🤖 AI Summary
Existing confidence-based parallel decoding methods in multimodal diffusion large language models overlook visual information redundancy, causing high-confidence tokens to share overlapping visual evidence and thereby diminishing decoding complementarity and efficiency. This work proposes Visual Redundancy-Controlled Decoding (VRCD), a training-free inference-time decoding strategy that introduces, for the first time, a Visual Redundancy Index (VRI) to quantify the overlap of visual grounding among tokens. Leveraging token-to-image attention mechanisms, VRCD prioritizes visually complementary token positions during decoding.
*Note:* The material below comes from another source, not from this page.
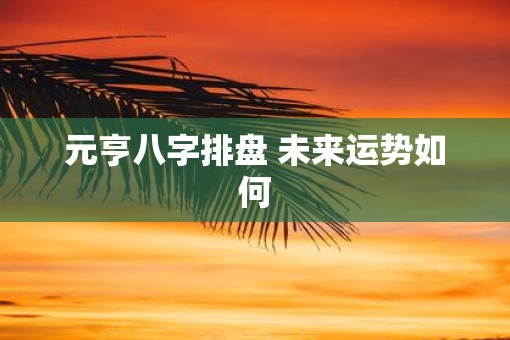 元亨八字排盘 未来运势如何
The method substantially reduces both visual redundancy and residual positional entropy, yielding significant performance gains: on long-sequence generation tasks, it improves accuracy by 18.8% on M³CoT and by 6.9% on MMBench.
📝 Abstract
Diffusion-based multimodal large language models (dMLLMs) decode by iteratively predicting tokens at multiple masked positions in parallel. This turns each decoding step into a position-selection problem: the model must choose not only which predictions are reliable in isolation, but also which positions should be committed together as context for later decoding steps. Existing confidence-based decoding ranks masked positions independently and commits the top-K positions, largely ignoring whether the committed tokens provide complementary visual grounding. We identify a step-level limitation of this strategy in multimodal settings: high-confidence tokens selected in the same step can rely on overlapping visual grounding, introducing visual redundancy among the committed tokens and leaving less complementary visual grounding available for later decoding. To quantify this effect, we introduce the Visual Redundancy Index (VRI), which measures visual grounding overlap among tokens committed in parallel. To control this redundancy during decoding, we propose Visual-Redundancy-Controlled Decoding (VRCD), a training-free inference-time decoding method that uses token-to-image attention to prioritize visually complementary positions. Across diverse multimodal benchmarks, VRCD reduces visual redundancy and remaining-position entropy with modest runtime overhead. In longer decoding experiments, it also achieves relative accuracy gains of up to 18.8% on M^3CoT and 6.9% on MMBench over confidence-based decoding. Code will be released at https://github.com/infiniteYuanyl/VRCD.